What is a curse? Popular depictions often revolve around a magic user calling upon evil forces for retribution, or an act so horrible it corrupts the very space in which it occurred, leaving a behind a malignant residue of pain and anger waiting to lash out at any so foolish to disturb it. This exoticizes the normal, however, as curses are born hourly; not out of magic spells or grievous injuries to the fabric of space and time, but simple, basic hurt.
Well, at least basic hurt. The trouble with hurt is that it’s almost never simple in composition, usually a cocktail of psychic toxins that have been simmering in the subconscious for some time. Whether it’s steeped in long-standing issues or the result of an isolated violation, hurt is still hurt, and a single grain of it can infect and harm thousands in the space of an afternoon. Person-to-person transmission is simple enough; anyone perceived similar or related to the source of the hurt is fair game, though hurt acts indiscriminately, too. Hurt will have a person searching through co-workers, employees, friends, family, whomever, in hopes of finding a close-enough doppelganger for the original offender to make them pay all over again, ad infinitum.
This was true enough pre-internet and social media, and it’s especially so now. A Twitter user with enough active followers who believes, truly or not, that they’ve been wronged by a member of a specific demographic can create a hashtag targeting that specific demographic and have it trend within a few hours, if it even takes that long. And that hashtag will act as a clarion: “Bring Out Your Hurt! Bring Out Your Hurt!” Louder and louder as it continues to trend, and more people who, truly or not, believe themselves to have been similarly wronged, join the festivities. Soon enough, members of the indicted demographic will arrive to exonerate and/or justify themselves, believing, truly or not, that they are being targeted for no reason. Hurt, for no reason. And they will take out their hurt on co-workers, employees, friends, family, whomever, in hopes of finding a close-enough doppelganger for the original offender to make them pay all over again. Maybe even create and push their own avenging hashtags to show they mean business. Round and round. Spreading faster than the most virulent contagion.

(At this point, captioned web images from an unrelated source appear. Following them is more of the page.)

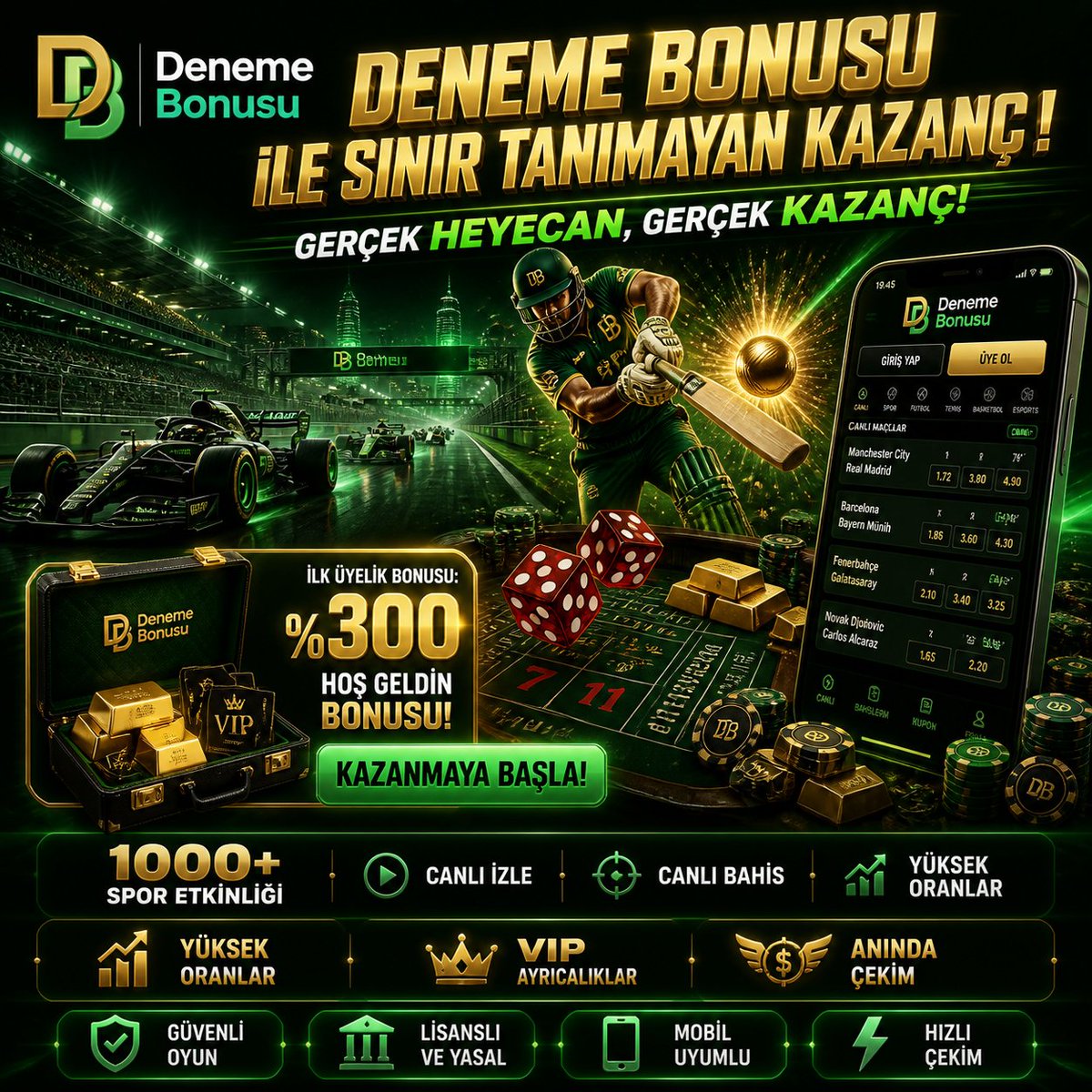 epamaldives's tweet photo. ⚡ Deneme Bonusu ile şansını ekstra avantajla dene!

🎰 Ücretsiz başlangıç fırsatlarını kaçırma

💎 Hızlı erişim, kolay kullanım, yüksek heyecan

👑 Detaylar için hemen incele:
https://t.co/DOXYCceapG

grandpashabet
betwoon https://t.co/Z4HzmkNfvT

All of this stemming from one person’s hurt. Hurt that was likely passed on to them and others, just as they passed it on in turn. Eventually, it doesn’t even matter who was right and who was wrong; all that matters is someone has to pay, with interest.
This never-ending mass transmission of hurt has been on my mind recently. 2016 has been one long crescendo of hurt, fear and despair that reached its peak with November’s election and then unraveled into a dissonant coda. In those toxic weeks that followed the election, a good friend ghosted me. It wasn’t exactly something peculiar to me; 2016 claimed its share of friendships early and often. But it was as sudden as it was unexpected and left me with a great deal of, you guessed it, hurt. I don’t know why they broke contact, likely never will and ultimately, it’s none of my business. But the hurt hangs around and always has its own agenda. You didn’t deserve this. Demand an explanation. Never make the mistake of getting friendly with people again. Stay cold and guarded. On and on and on. So much impetus to keep the hurt flowing and pass it along to whoever is convenient.
Or not. Because there’s always a second option. Keep it in check and let it fade like an oxygen-starved flame. It’s certainly not easy and there haven’t been any gratifying episodes of vengeance to entertain me as I work through it all, but I haven’t passed it along to anyone else, either, and that’s important. You don’t go about hurting others because someone hurt you. You protect others from that hurt so no one else will have to feel that way. And again, it’s much easier said than done, but in the end I believe it’s the only way to escape the hurt. Otherwise you’re just passing it back and forth to other people until you break down, they do, or both.